Hallo zusammen,
infolge eines Blogbeitrags über die Sichtbarkeit von Lehre am Beispiel Lehrpreise hat sich eine interessante Diskussion zwischen Mandy, Frank und mir entfacht, welchen Stellenwert Lehre generell in der universitären Landschaft innehat. Hängengeblieben sind wir bei der Analogie des Liebhabermarkts, wonach Lehre etwas für wenige interessierte Anbieter (engagierte Lehrende) und ebenso wenige interessierte Nachfrager (engagierte Studierende, andere Wissenschaftler) sein könnte. Gute Lehre wäre demnach ein universitäres Gut, das von Wenigen für Wenige produziert und konsumiert wird, von dem der Rest der Universität aber nichts hören will (bestenfalls in alltagsfernen Leitbildern oder Festreden). Wenn die Analogie des Liebhabermarktes greifen könnte/würde, dann wäre ein Großteil der Bemühungen der Hochschuldidaktik obsolet; mehr noch, man müsste geradezu ein Umdenken in der wissenschaftlichen Sozialisation einfordern, sodass der Stellenwert von Lehre frühzeitig auch beim sog. Nachwuchs erhöht wird.
Wir vertreten folgende, noch zu vertiefende Thesen:
- Der Stellenwert, den man Lehre zuschreibt, ist in hohem Maße abhängig von der Sozialisation durch die Fachwissenschaft und wissenschaftliche Mentoren.
- Die Sichtbarkeit von Lehre allein führt nicht dazu, dass man dieser im Verlauf der wissenschaftlichen Karriere mehr Bedeutung einräumt.

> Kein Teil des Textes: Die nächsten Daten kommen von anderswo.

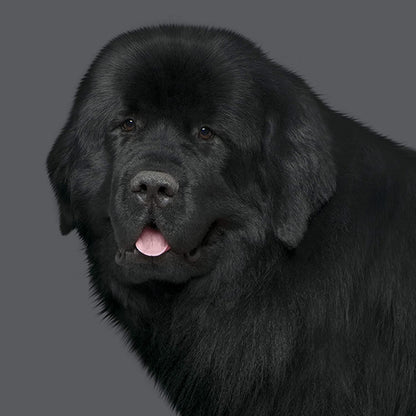 Nature's Protection SC- BLACK DOGS - Cani adulti di tutte le taglie - Manto colore NERO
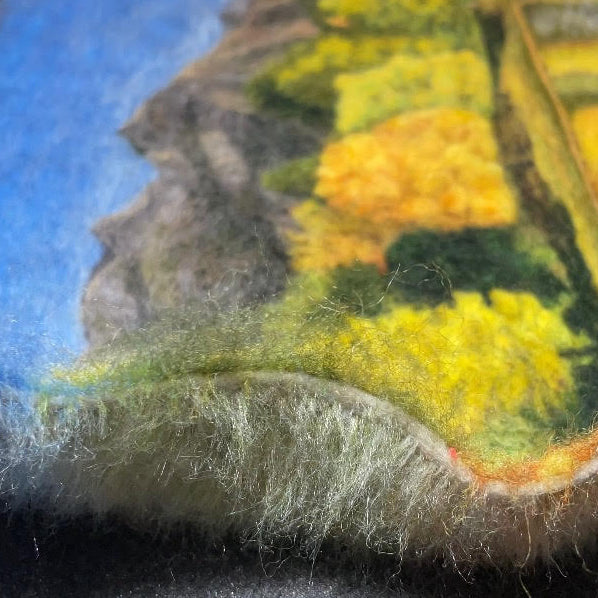 Needle Felting Wool Class with Mandy Begg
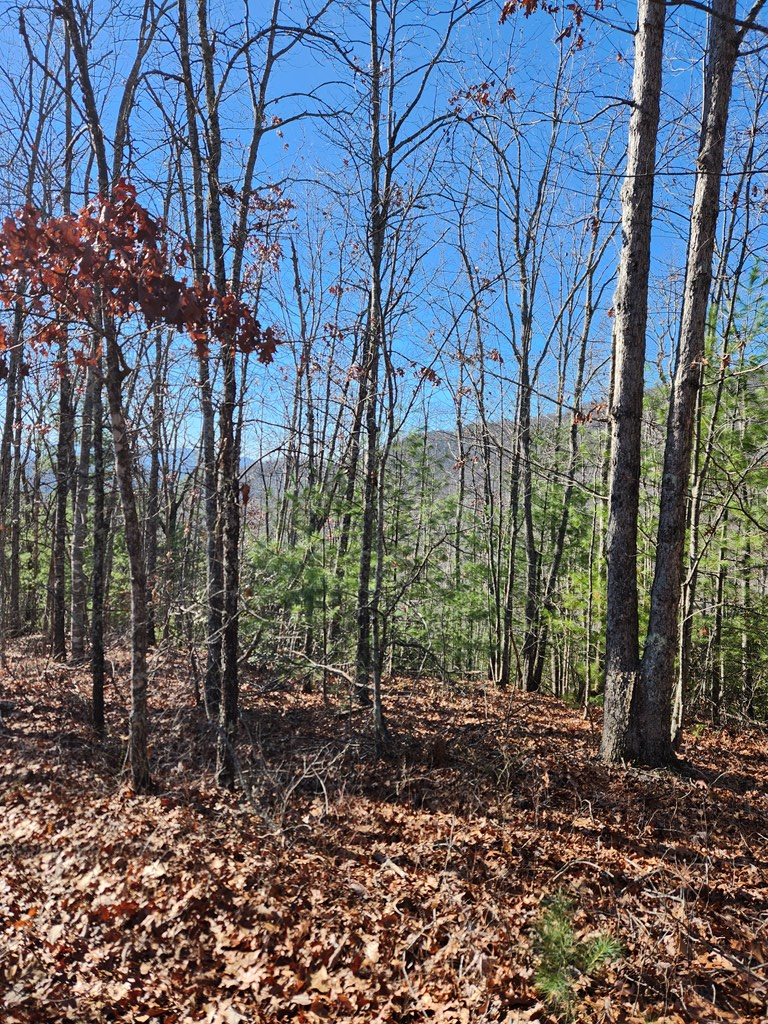 Burning Ember Trail #7A, MURPHY, North Carolina image 3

- Lehre ist (und bleibt?) etwas für „Liebhaber“.
Wir fragen uns daher:
- Was sind Möglichkeiten, um den Stellenwert von Lehre zu erhöhen?
- Inwieweit kann die Sichtbarkeit von Lehre dazu beitragen, um Dozierende zu guter Lehre zu bewegen?
- Was taugt die Analogie von Lehre als „Liebhabermarkt“?
Wir drei wollen das Thema auf jeden Fall im Rahmen der Pre-Conference der GMW’10 vertiefen und freuen uns über jeden, der gemeinsam mit uns denkt (vielleicht ist ja auch ein Bildungs-/Kulturökonom unter Euch?).